The other cool mechanic is the Lord's command range.  If units are outside of it during the action phase they act on their own initiative.  Sometimes you get lucky and roll a 6 and can move the unit freely.  Be prepared to have companies sit still when they should advance or rush forward when they should sit still.  Pro tip:  Do NOT let your unreliable companies get out of your Lord's command range.  I learned this the hard way.

At the start of the battle you have a few reliable companies that are guaranteed to show up (well,almost...).  You then pick 5 optional companies from your nation's list.  You get to roll a d6, d4, d3, d2, or 1 for the unit's quantity depending on what it is.  If you roll high your lord has lots of men flock to his banner.  The Ming and the Dutch both rolled poorly on the mustering of forces.  It is a totally random feature that makes every game different.  This can be a turn off to new players because a few poor rolls will tilt things one way or the other.  The logistics rolls can even this out.  The Dutch had so many poor rolls because of a "Unhealthy Climate" card.  It reduces logistics rolls by 1.  You can also use terrain to play the defensive game and whittle down the enemy's forces.

That leads me into the last cool feature of this game.  Each player draws 3 cards from a special deck of 52 cards.  These cards can affect the game quite a bit.  The "Unhealthy Climate" card is one example. Other cards are "Rain Clouds" which stop all black powder weapons from firing for a turn.  I have only played one game so I am not to familiar with the full extent of the cards.

Irregular Wars is available for $14.99 on Wargame Vault.  I did not get any benefits for promoting this great game.  I wish I would but you do not always get free stuff.  I do it because I find the period intriguing and the game is cool.  I was very pleased to see that there is a lot of subtlety in the game.  It was very easy to overlook it because of how simple the game rules reads.  I also want to say that the rules are very thorough and well written.

I am currently working on my Ming Chinese forces.  They have loads of cheap levy infantry and can do wave attacks.  If you roll super high and take all the levy options you can have a total of 18 Wei-Suo Levy on the table.  Keep them in range of your general or all hell will break loose as they either rush forward or stay still or flee.  My first experience with them was terrible as I rolled poorly for the muster and managed to keep most of them out the General's command range.

Here are the Ming Grenadiers.  The green bushes are actually smoke from the clay pot bombs they are about to throw.  There is a spearmen in the back hanging out.  Grenadiers are great for damaging the enemy and they have great movement ranges.  I do think grenadiers in general need the "Loose" trait.
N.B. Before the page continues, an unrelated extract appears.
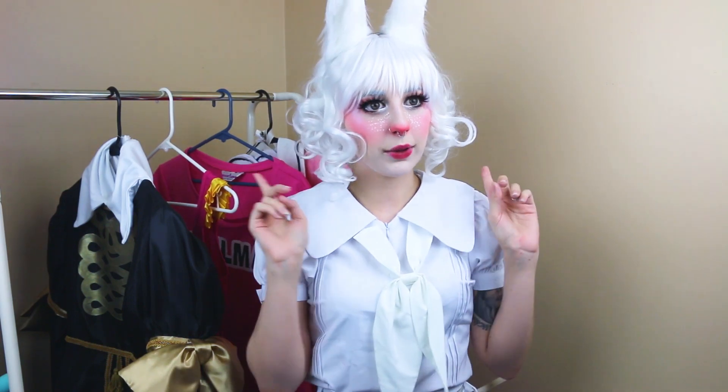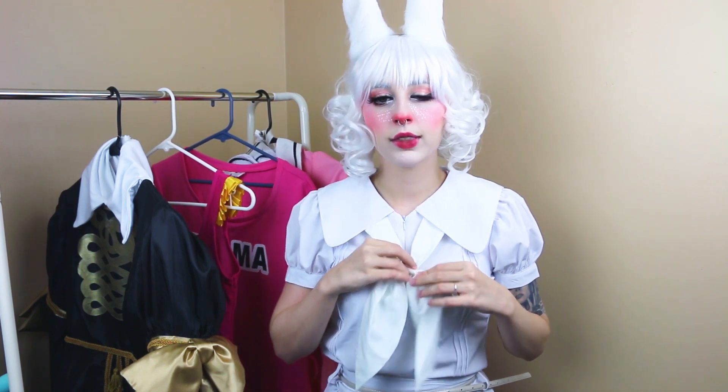I'll probably make a video on the ears eventually, but for now we're talking about the cosplay. I love this cosplay so much. Now to be fair, it is a relatively simple costume — there's not much you can mess up on it. Because this whole cosplay is white, I haven't noticed it being very see-through, so that's good. I do have a white bra on today, but I've worn this with another color bra and didn't really have any problems with it being super see-through unless you're wearing something super dark. The necktie basically stays pretty well, which is good.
They are few in number and it makes sense that they would be skirmishers.  They need support because they do not fare well in combat.
 These are the banner men for the Ming General.  The triangular flags are actual Ming banners.  I wish I had more knowledge about the flags the Ming used in battle.

 The next two pics are of the compulsory Wei-Suo Levy companies.  One of these stands have shown up before.  I am excited about the Baccus 6mm retainers.  I want to add more farming implements into the spear mix.  I may even add a few pole arms to make them look cooler.
 The horse men stand with 6 figures is the general's stand.  The banner men from above are destined for those empty spots.  The other stand is just a normal cavalry stand.  I used Baccus armored archers.  They were given lances cut from a straight pins.  There is evidence of Chinese horsemen using only bows or crossbows.  Some of them used lances and had bows as well.  I feel the modelling possibilities are very open.

The next three pics are of my favorite model in the army.  The Ming used rocket launchers in combat. I used plasticard, wires of differing thicknesses and straight pins to make it.  It took some time but I feel it looks great.  I did some research and saw a picture of the model available from Irregular miniatures in the 6mm range.  I almost bought but it had a pack camel.  Camels in China?  I decided to scratch build it myself because it was such a simple design.  The launcher is missing wheels.  This launcher is bodily picked up by two of the crews and humped to the next location.  It can be moved one base width in the action phase.  The other two crew carry the extra rockets.

These crossbow men are also repeat offenders.  They are Levy archers.  Their quantity is determined by a d4.  The only downside is that they are unreliable.  

Here are some of the mercenary troops that supplement the mass of useless levy.  They were made with Baccus Ashigaru, straight pins and pieces of a credit card.  I had a lot of fun making these guys.  The halberdiers on the right look a little more irregular then the spearmen.  I also included the Ming symbol on their flag.  It needs something else...probably a border.  From what I could tell most Chinese flags had a border.  

 These horsemen are the wild barbarian tribes that throw their lot in with the Ming.  They are great at shooting and moving around the battlefield.  I have not figured out how to use them because their movement range can put them out of the general's command distance in one turn.  The models are Baccus Huns at the gallop.  They look great.  Once I figure out how to paint them it should be easy to finish them up.  I feel that they played in character quite well.  They ran to far away, stayed put, then raced back across the Ming lines and started shooting at the enemy.  Barbarian conscripts must have been a headache for generals as they were a liability.  I really felt that way as I watched them run wild over the battlefield.

1 comment:

  1. Ronald youve done an amazing job here.I have a question for you though. Two in fact, What miniatures are you using for those Wei-Suo Levies?
    And also what are you using for their spears?